BY KAREN BOSSICK
Three-time U.S. Poet Laureate Joy Harjo will deliver the 2024 Hemingway Distinguished Lecture on behalf of The Community Library in Ketchum.
The free event will start at 7 p.m. Wednesday, July 31, on the Library’s Donaldson Robb Family Lawn. Space is limited; save your seat at https://thecommunitylibrary.libcal.com/event/12027349. The program will be livestreamed but not available for later viewing.
"Joy Harjo’s poetry is infused with indigenous myths and values, and her words speak deeply to the connections we all have to each other and to the natural world,” said Martha Williams, the library’s director of programs and education. “She meditates on remembering and transcending, but also on living in the beautiful and painful moments of daily existence. She is also a musician (saxophone and flute) and singer, and during the lecture she’ll share with us these many modes of storytelling.”

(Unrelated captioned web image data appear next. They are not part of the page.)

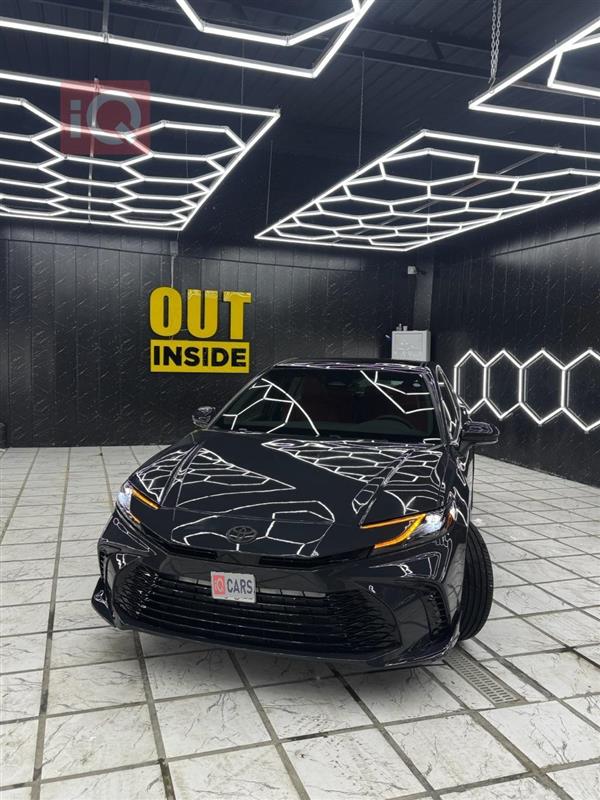 تويوتا كامري 2025 للبيع في العراق - بغداد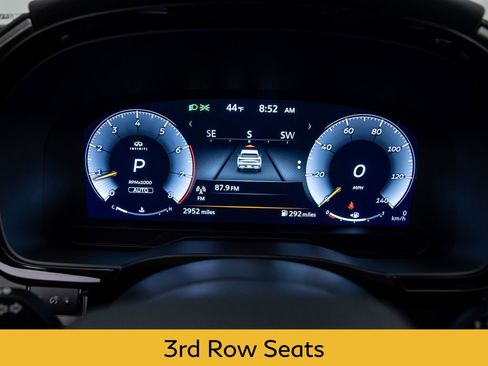 Certified 2025 INFINITI QX60 Luxe image 20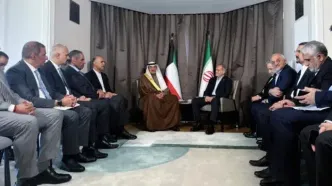 امیر کویت به زودی به ایران می‌آید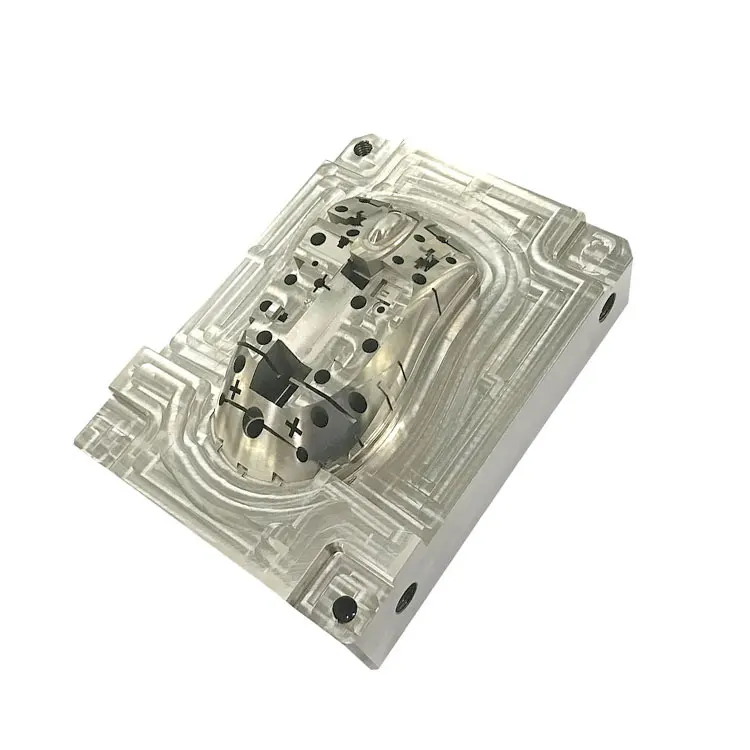 Hot-Selling Accurate Griding Gypsum Copper Molding For Concrete Pot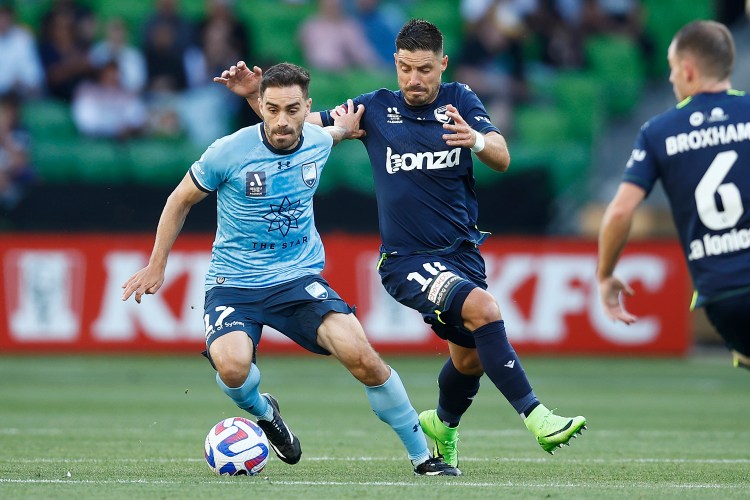 Players returning puts Talay in good place - Sydney FC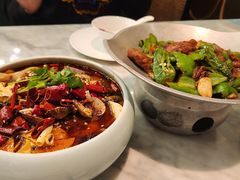 -雀蓝川菜(奥体广场店)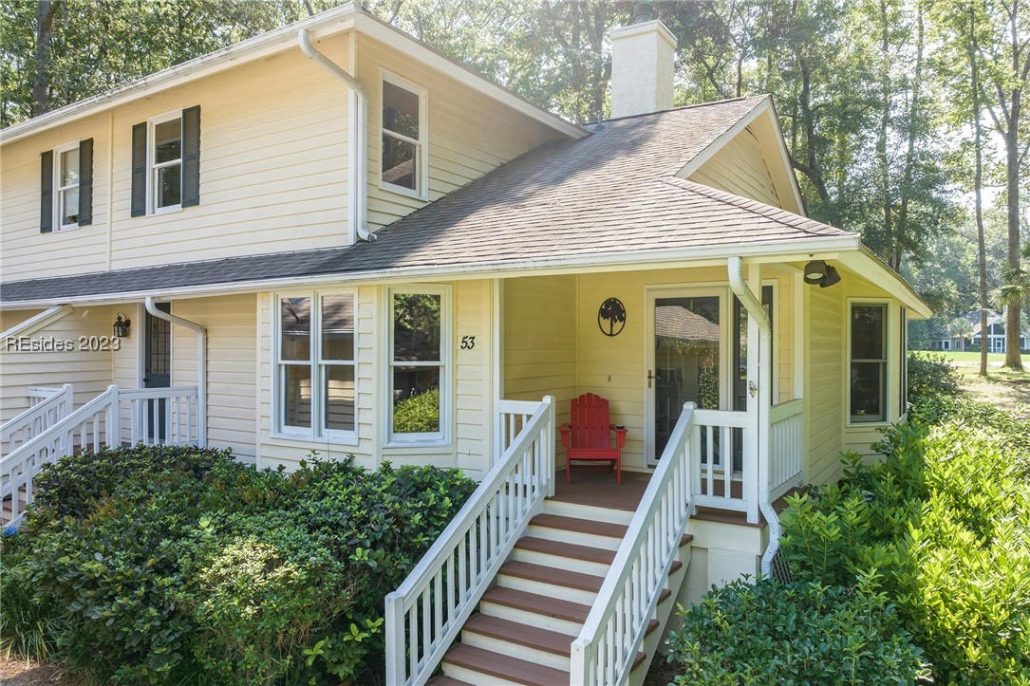 53 Heron Walk, Okatie, SC 29909 Callawassie Island Club Water View Home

Harjo is the first Native American to serve as U.S. Poet Laureate and only the second to serve three terms after Robert Plinsky. A member of the Muscogee Nation, she grew up in Tulsa, Okla., the daughter of a father who was an enrolled citizen of the Muscogee Nation and a mother who identified as a Cherokee descendent.
She wrote her first poem in eighth grade, then attended the Institute of American Indian Arts, a BIA boarding school in Santa Fe, N.M. for high school.
Her ten books of poetry include Weaving Sundown in a Scarlett Light, An American Sunrise, Conflict Resolution for Holy Beings, How We Became Human: New and Selected Poems, and She Had Some Horses. Her children’s books include Remember and For a Girl Becoming. She is also the author of two memoirs, Crazy Brave and Poet Warrior, which invite readers to travel along the heartaches, losses, and humble realizations of her “poet-warrior” road.
Crazy Brave will be the subject of The Community Library’s ongoing book club on Wednesday, June 5, which is open to the public.
Harjo has also edited several anthologies of Native American writing including When the Light of the World was Subdued, Our Songs Came Through — A Norton Anthology of Native Nations Poetry, and Living Nations, Living Words, the companion anthology to her signature poet laureate project.
She has released seven CDs featuring her original music and that of other Native American artists. She has taught at several schools, including the Institute of American Indian Arts, Arizona State University, the University of Arizona, the University of Colorado and the University of New Mexico.
Her students at the University of New Mexico included Secretary of the Interior Deb Haaland.
The annual Hemingway Distinguished Lecture celebrates the power of words and the creative spirit in a landscape that Ernest Hemingway loved. It is presented each July, honoring the month of Hemingway’s birth and death. Past distinguished lecturers include Pulitzer Prize winner Anthony Doerr and Presidential Inaugural Poet Richard Blanco.